Resourcefulness was called for. Technical editor Steve Wilder and I attended the conference, which included the first-ever unveiling of the Curtiss-Wright Rotating Combustion engine, complete with films of the units in operation, one powering a portable fire pump. We brought along photographer Tom Burnside, who slung his camera on a strap over one shoulder, underneath his sports jacket. After the dog-and-pony show we gathered around the exhibits. Steve and I flanked Tom as he snapped pictures of the radical engine's components. We had our story, including the identity of the engine's inventor, Germany's Felix Wankel.
From my good contacts in Germany I quickly sourced background information on Wankel and the engine's origins. But how was I to explain the way this engine worked to the readers of SCI? Its motions were so sophisticated that they were very hard to understand, even with an engine right in front of you. When Popular Science featured it on the cover of a major anniversary issue, it got the gearing wrong, proudly displaying a rotary engine that couldn't rotate!
I finally decided to fall back on an introduction of the Wankel engine that required our readers to cut out my drawing of the rotor and spin it around the stationary timing gear, inside a drawing of the housing.
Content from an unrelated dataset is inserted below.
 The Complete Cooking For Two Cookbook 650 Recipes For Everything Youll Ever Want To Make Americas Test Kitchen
Only in this way, I concluded, could its amazing operation be demonstrated. I launched the engine in the February 1960 issue of SCI, praising the NSU-Wankel's ingenuity and saying, "The rotating combustion engine seems to start where the reciprocating version stops."
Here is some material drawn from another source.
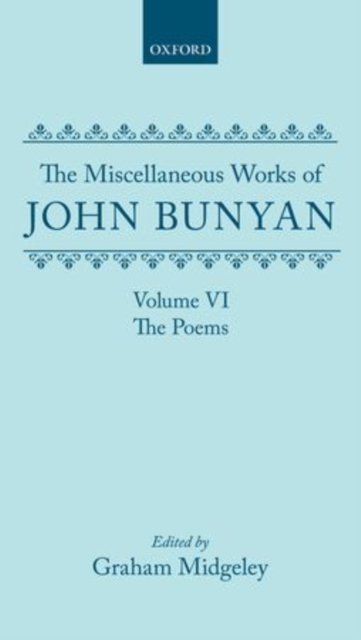 The Miscellaneous Works of John Bunyan: Volume VI: The Poems, Hardback Book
My theme for the discovery was "Tomorrow is Here", which I repeated in our March 1960 profile of Felix Wankel and his engine. We followed up with a color photo of the original all-rotating Wankel unit in our May issue and had the first driving impressions of a Wankel-powered car in July. Our championing of the engine put us at the polar opposite of our arch-rivals Road & Track. In his March 1960 issue R&T's respected publisher, John Bond, briefly mentioned "a sensational new engine" and added, "Our opinion of the Curtiss-Wright NSU engine? It will never be heard from again." I had a lot of smoothing to do on furrowed brows in the executive suites of SCI's publishers.
That summer of 1960 a letter and photos arrived at 1 Park Avenue of the sort that brings joy to an editor's heart. It related that a Daytona Beach father-and-son team had built a running Wankel engine, based solely on our introductory story back in February! We bought Steve Wilder a ticket to Florida and he returned with the story of the William Thomases, senior and junior, experienced model-builders who'd been so intrigued with the new engine that they'd built their own, much the same size as the unit we'd shown in SCI.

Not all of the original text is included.